### Required action
The lines to reproduce from the material below are those from the one containing "Property listing MLS 4043784 photo 9" through the one containing "New 2026 Volvo", both included; write them out exactly and add nothing.

### Working data

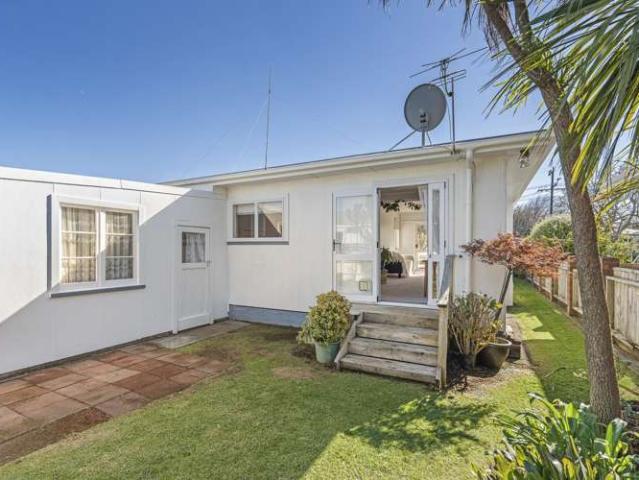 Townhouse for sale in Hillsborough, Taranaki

---

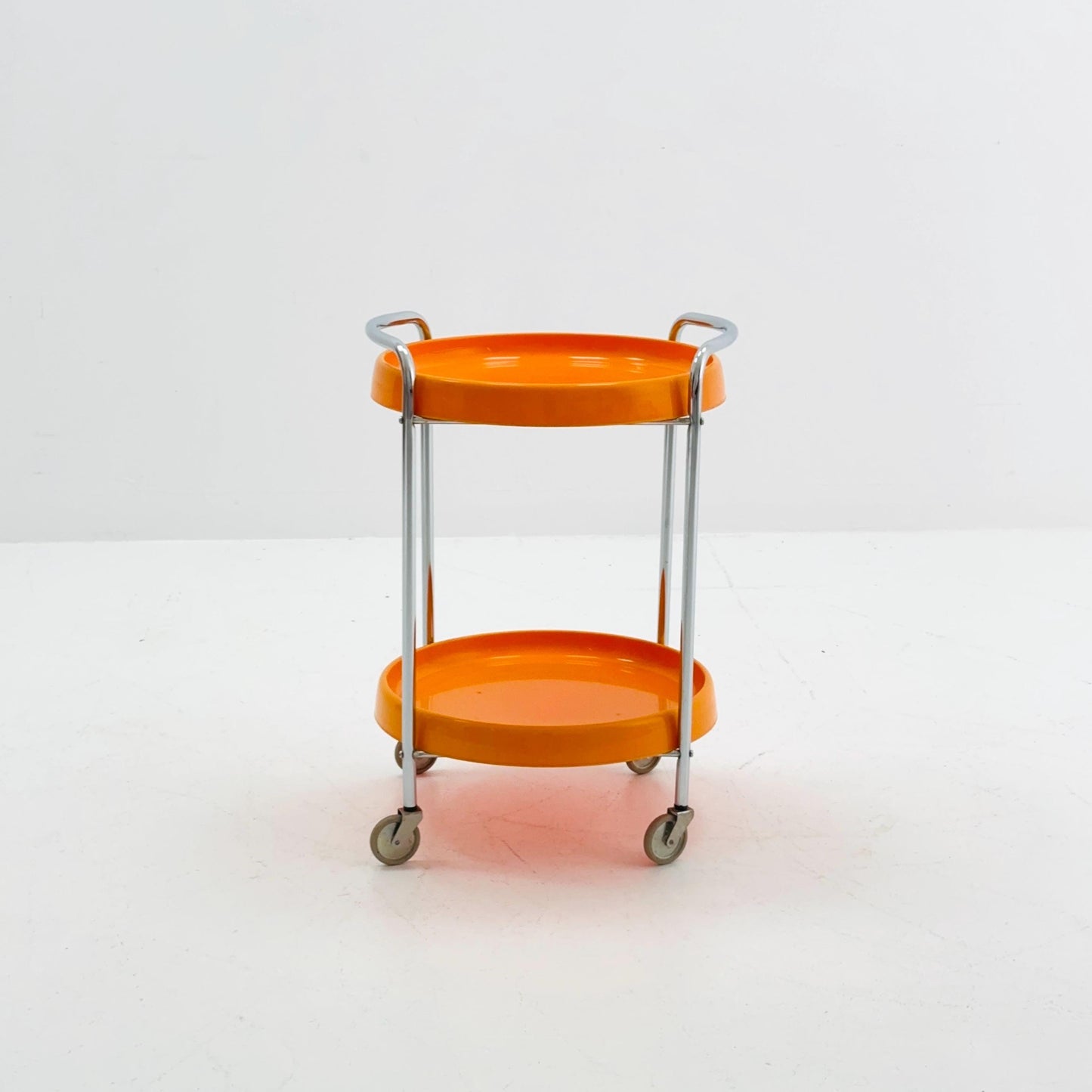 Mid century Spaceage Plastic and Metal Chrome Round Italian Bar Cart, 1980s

==

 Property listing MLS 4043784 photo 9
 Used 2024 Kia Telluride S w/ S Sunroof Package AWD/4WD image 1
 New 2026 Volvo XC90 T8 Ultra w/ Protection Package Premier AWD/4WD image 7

### Reply
 Property listing MLS 4043784 photo 9
 Used 2024 Kia Telluride S w/ S Sunroof Package AWD/4WD image 1
 New 2026 Volvo XC90 T8 Ultra w/ Protection Package Premier AWD/4WD image 7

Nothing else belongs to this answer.